Le 28/03/2022, la division d’opposition rend la présente
DÉCISION:
1. L’opposition no B 3 122 501 est partiellement fondée, à savoir pour les produits contestés suivants:
Classe 32: Boissons non alcooliques.
2. La demande de marque de l’Union européenne no 18 196 832 est rejetée pour tous les produits précités. Elle peut continuer pour les produits restants.
3. Chaque partie supporte ses propres frais.
MOTIFS
Le 27/05/2020, l’opposante a formé une opposition contre tous les produits visés par la demande de marque de l’Union européenne no 18 196 832 «BOOM BOOM» (marque verbale). L’opposition est fondée sur l’enregistrement international désignant l’Union
européenne no 1 240 235 (marque figurative). L’opposante a invoqué l’article 8, paragraphe 1, point b) du RMUE.

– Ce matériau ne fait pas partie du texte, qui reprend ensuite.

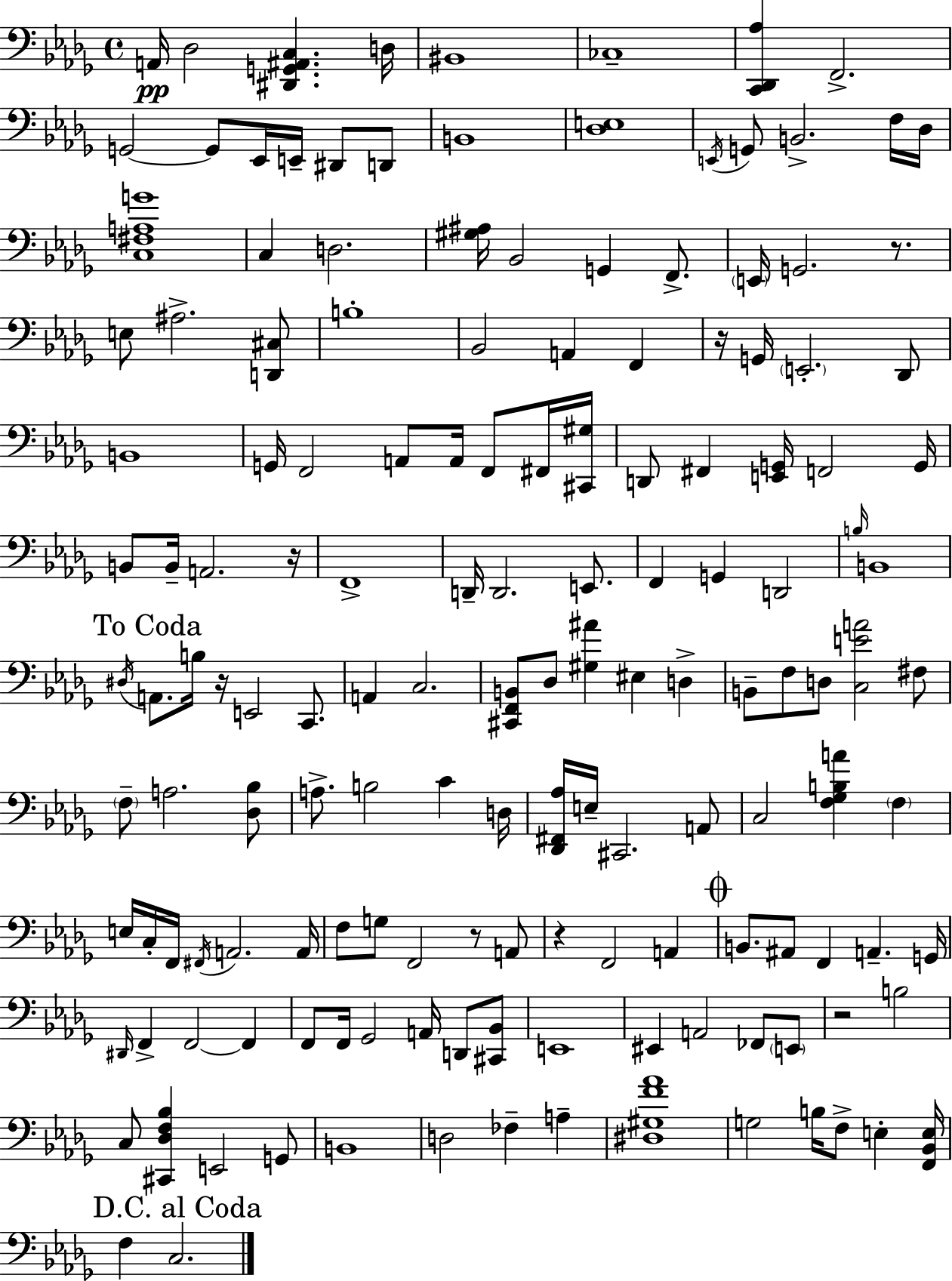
X:1
T:Untitled
M:4/4
L:1/4
K:Bbm
A,,/4 _D,2 [^D,,G,,^A,,C,] D,/4 ^B,,4 _C,4 [C,,_D,,_A,] F,,2 G,,2 G,,/2 _E,,/4 E,,/4 ^D,,/2 D,,/2 B,,4 [_D,E,]4 E,,/4 G,,/2 B,,2 F,/4 _D,/4 [C,^F,A,G]4 C, D,2 [^G,^A,]/4 _B,,2 G,, F,,/2 E,,/4 G,,2 z/2 E,/2 ^A,2 [D,,^C,]/2 B,4 _B,,2 A,, F,, z/4 G,,/4 E,,2 _D,,/2 B,,4 G,,/4 F,,2 A,,/2 A,,/4 F,,/2 ^F,,/4 [^C,,^G,]/4 D,,/2 ^F,, [E,,G,,]/4 F,,2 G,,/4 B,,/2 B,,/4 A,,2 z/4 F,,4 D,,/4 D,,2 E,,/2 F,, G,, D,,2 B,/4 B,,4 ^D,/4 A,,/2 B,/4 z/4 E,,2 C,,/2 A,, C,2 [^C,,F,,B,,]/2 _D,/2 [^G,^A] ^E, D, B,,/2 F,/2 D,/2 [C,EA]2 ^F,/2 F,/2 A,2 [_D,_B,]/2 A,/2 B,2 C D,/4 [_D,,^F,,_A,]/4 E,/4 ^C,,2 A,,/2 C,2 [F,_G,B,A] F, E,/4 C,/4 F,,/4 ^F,,/4 A,,2 A,,/4 F,/2 G,/2 F,,2 z/2 A,,/2 z F,,2 A,, B,,/2 ^A,,/2 F,, A,, G,,/4 ^D,,/4 F,, F,,2 F,, F,,/2 F,,/4 _G,,2 A,,/4 D,,/2 [^C,,_B,,]/2 E,,4 ^E,, A,,2 _F,,/2 E,,/2 z2 B,2 C,/2 [^C,,_D,F,_B,] E,,2 G,,/2 B,,4 D,2 _F, A, [^D,^G,F_A]4 G,2 B,/4 F,/2 E, [F,,_B,,E,]/4 F, C,2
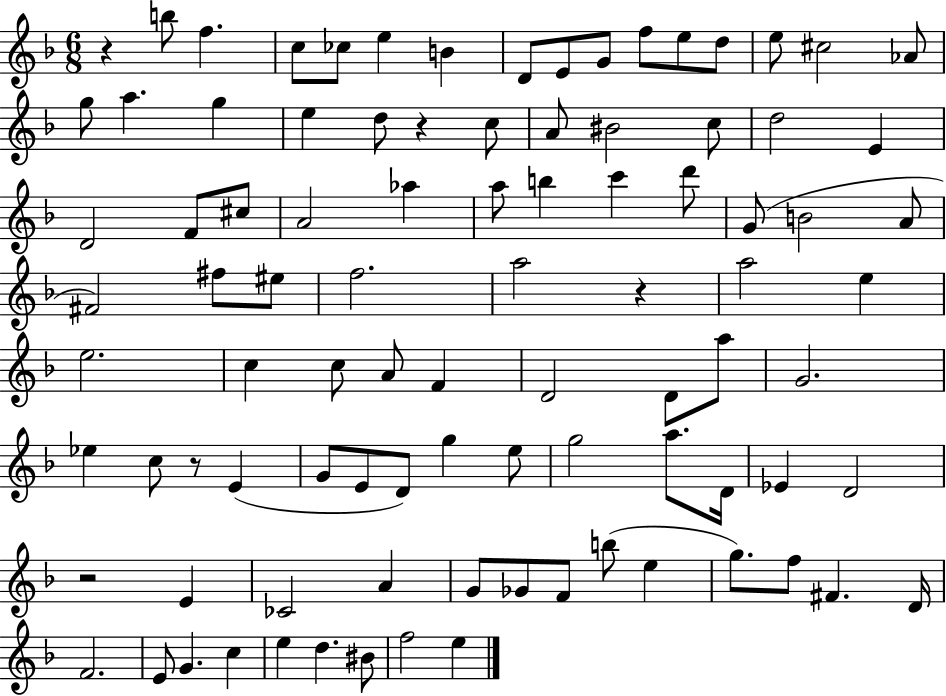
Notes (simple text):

R/q B5/e F5/q. C5/e CES5/e E5/q B4/q D4/e E4/e G4/e F5/e E5/e D5/e E5/e C#5/h Ab4/e G5/e A5/q. G5/q E5/q D5/e R/q C5/e A4/e BIS4/h C5/e D5/h E4/q D4/h F4/e C#5/e A4/h Ab5/q A5/e B5/q C6/q D6/e G4/e B4/h A4/e F#4/h F#5/e EIS5/e F5/h. A5/h R/q A5/h E5/q E5/h. C5/q C5/e A4/e F4/q D4/h D4/e A5/e G4/h. Eb5/q C5/e R/e E4/q G4/e E4/e D4/e G5/q E5/e G5/h A5/e. D4/s Eb4/q D4/h R/h E4/q CES4/h A4/q G4/e Gb4/e F4/e B5/e E5/q G5/e. F5/e F#4/q. D4/s F4/h. E4/e G4/q. C5/q E5/q D5/q. BIS4/e F5/h E5/q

Risque de confusion — article 8, paragraphe 1, point b), du RMUE
Constitue un risque de confusion le risque que le public puisse croire que les produits ou les services en cause, dans l’hypothèse où ils portent les marques en question, proviennent de la même entreprise ou, le cas échéant, d’entreprises liées économiquement. L’existence d’un risque de confusion dépend de l’appréciation, lors d’une évaluation globale, de plusieurs facteurs interdépendants. Ces facteurs incluent la similitude des signes, la similitude des produits et services, le caractère distinctif de la marque antérieure, les éléments distinctifs et dominants des signes en conflit et le public pertinent.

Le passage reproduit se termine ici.